Make More of Your Data: Minimal Effort Data Augmentation for Automatic Speech Recognition and Translation
This incremental work addresses the need for cost-effective performance gains in speech processing for researchers and practitioners, showing improvements with simple augmentation.
The paper tackles the problem of improving automatic speech recognition and translation models by proposing a minimal-effort data augmentation method based on concatenating existing training examples, resulting in significant WER reductions such as from 2.83 to 2.55 on LibriSpeech test-clean and up to 0.9 WER on CoVoST-2 for non-English languages.
Data augmentation is a technique to generate new training data based on existing data. We evaluate the simple and cost-effective method of concatenating the original data examples to build new training instances. Continued training with such augmented data is able to improve off-the-shelf Transformer and Conformer models that were optimized on the original data only. We demonstrate considerable improvements on the LibriSpeech-960h test sets (WER 2.83 and 6.87 for test-clean and test-other), which carry over to models combined with shallow fusion (WER 2.55 and 6.27).

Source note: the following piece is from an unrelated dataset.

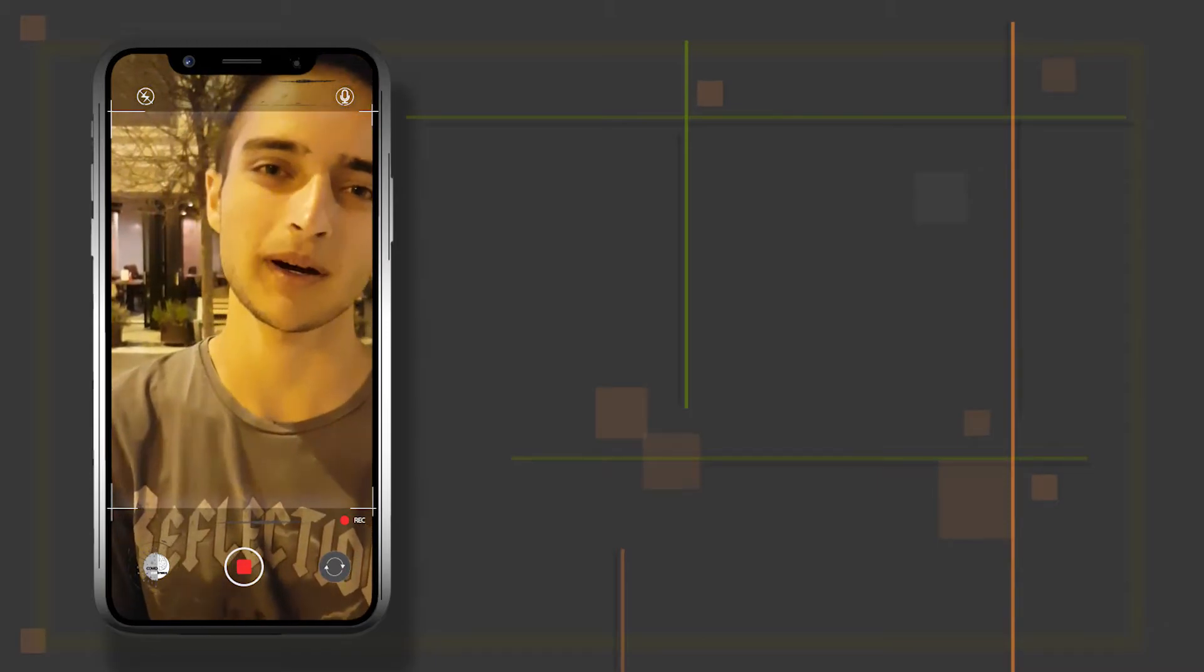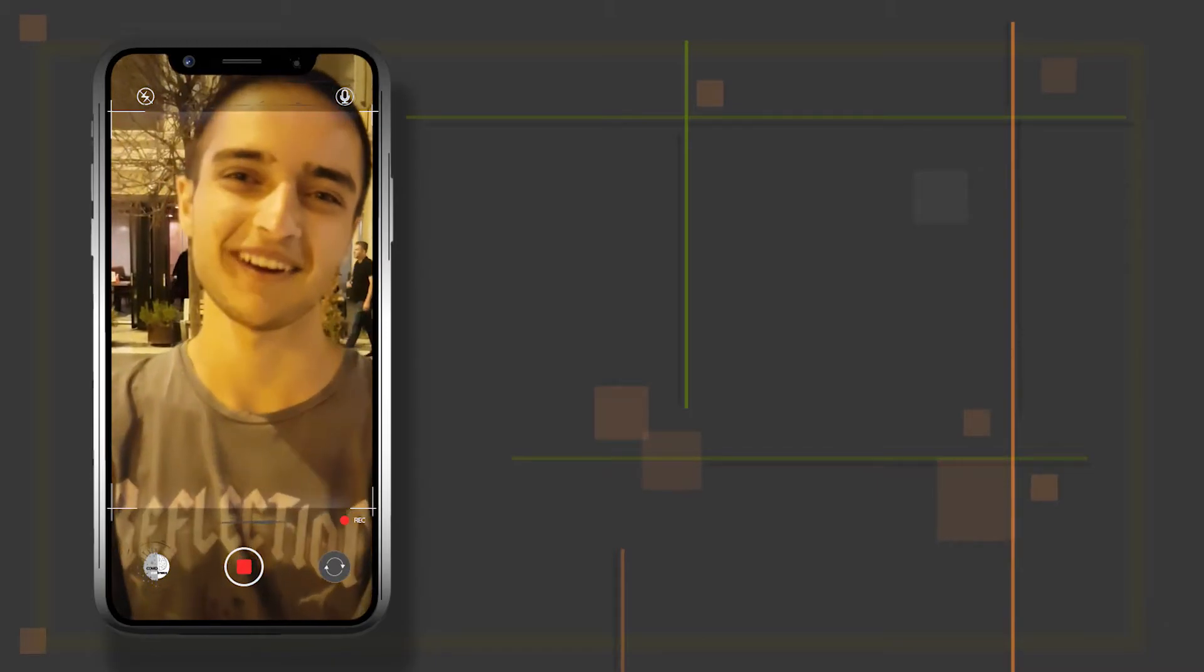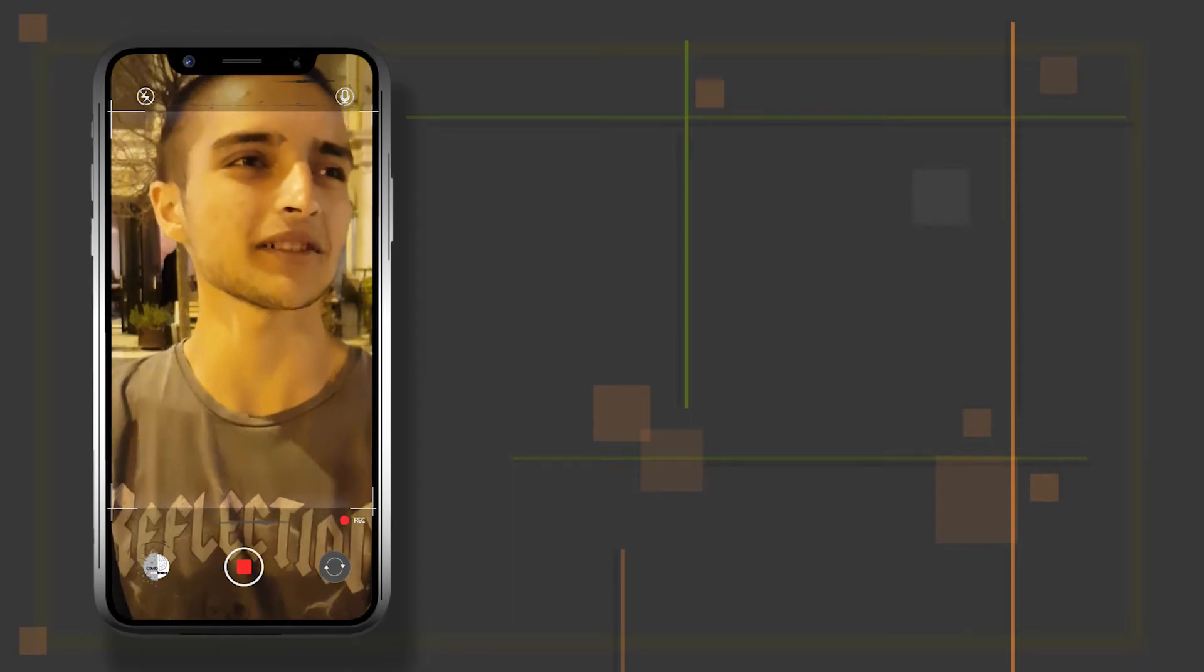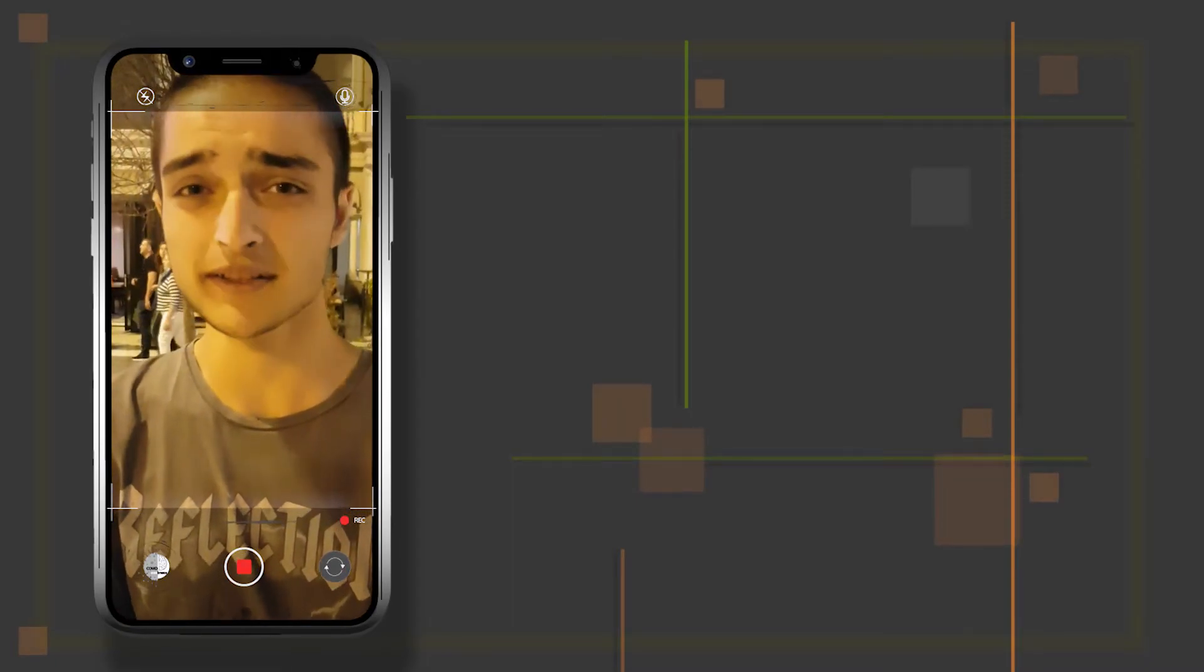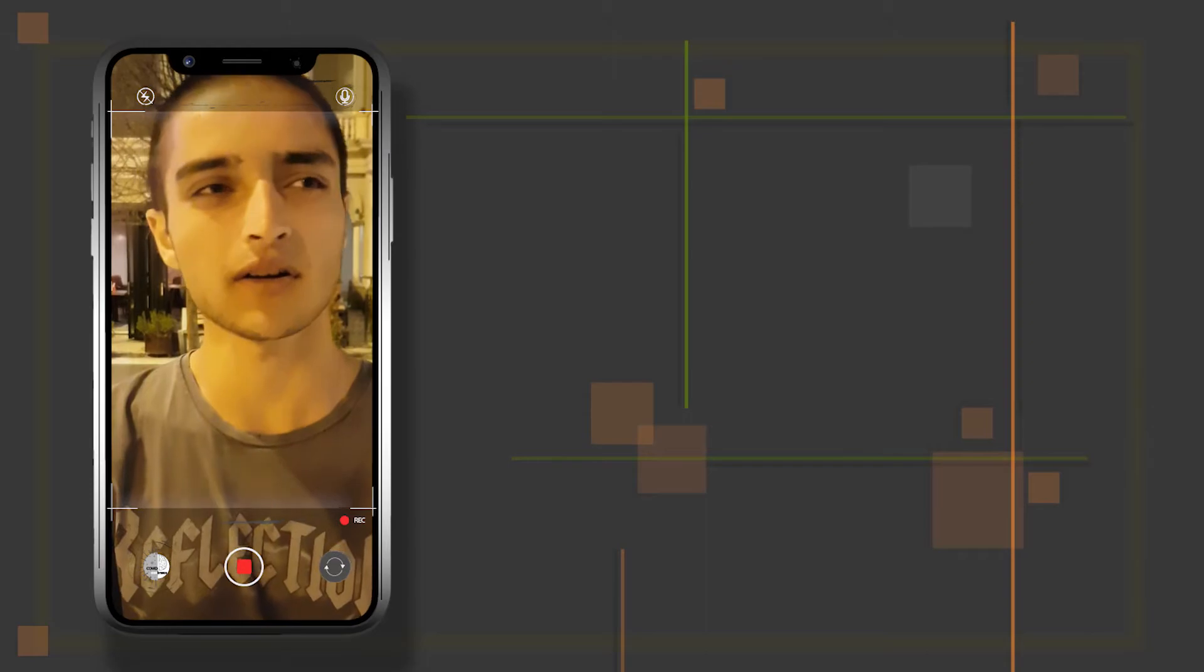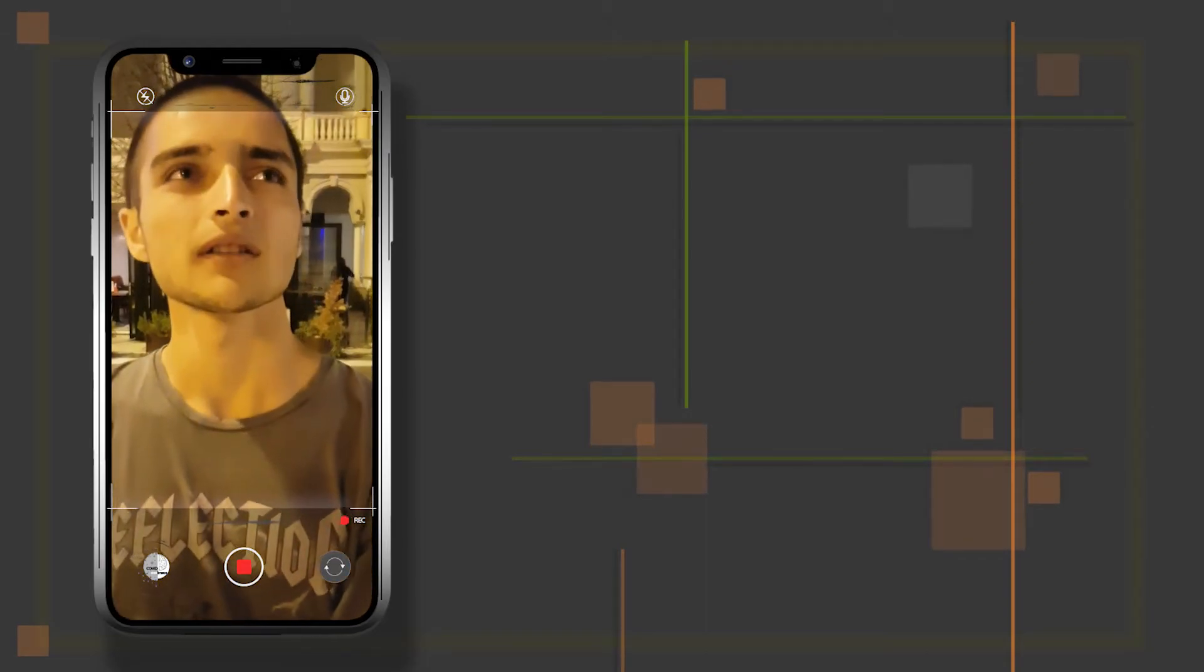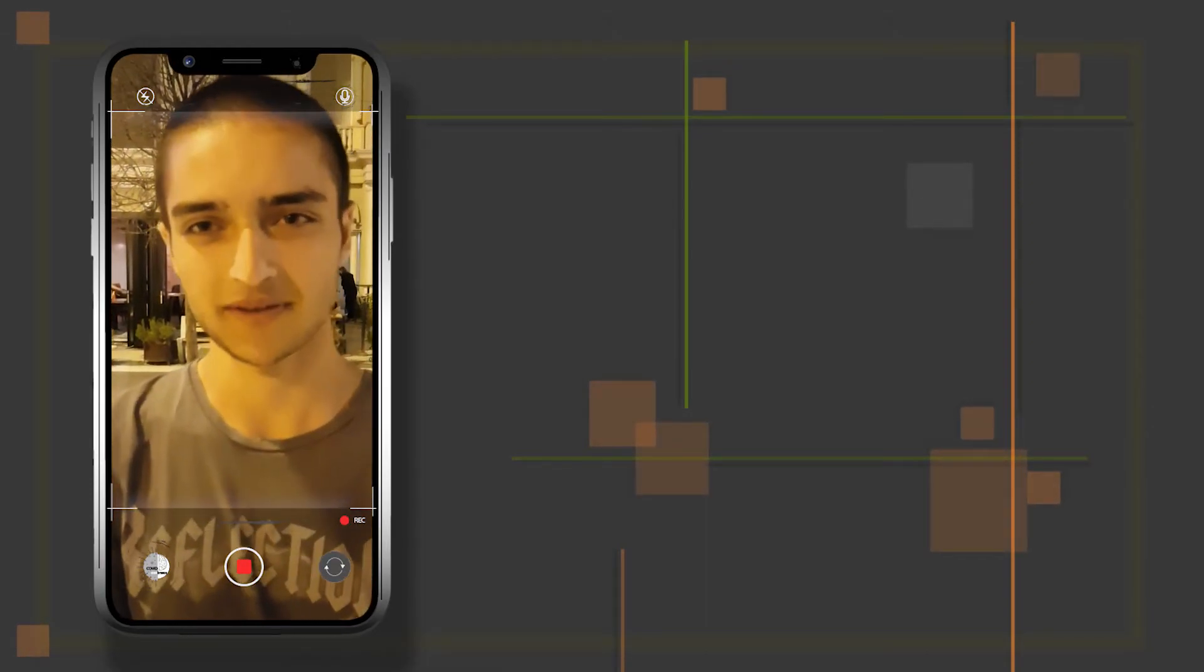You cannot go to the parks, parties, mosques, or you cannot just go outside. It's like you are trapped in your city, in your country. You cannot go outside and just breathe.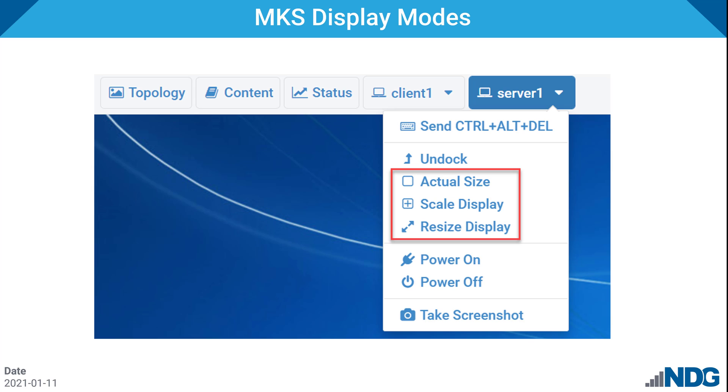So from an end user perspective, the MKS viewer will behave pretty much the same way as the VNC viewer does in actual size mode and scale display mode. The resize display mode, however, when enabled, will allow the desktop to resize to match the client area, giving the user the maximum amount of screen real estate available within their browser.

Our method of continued training also leads to improvements of up to 0.9 WER on the ASR part of CoVoST-2 for four non English languages, and we observe that the gains are highly dependent on the size of the original training data. We compare different concatenation strategies and found that our method does not need speaker information to achieve its improvements. Finally, we demonstrate on two datasets that our methods also works for speech translation tasks.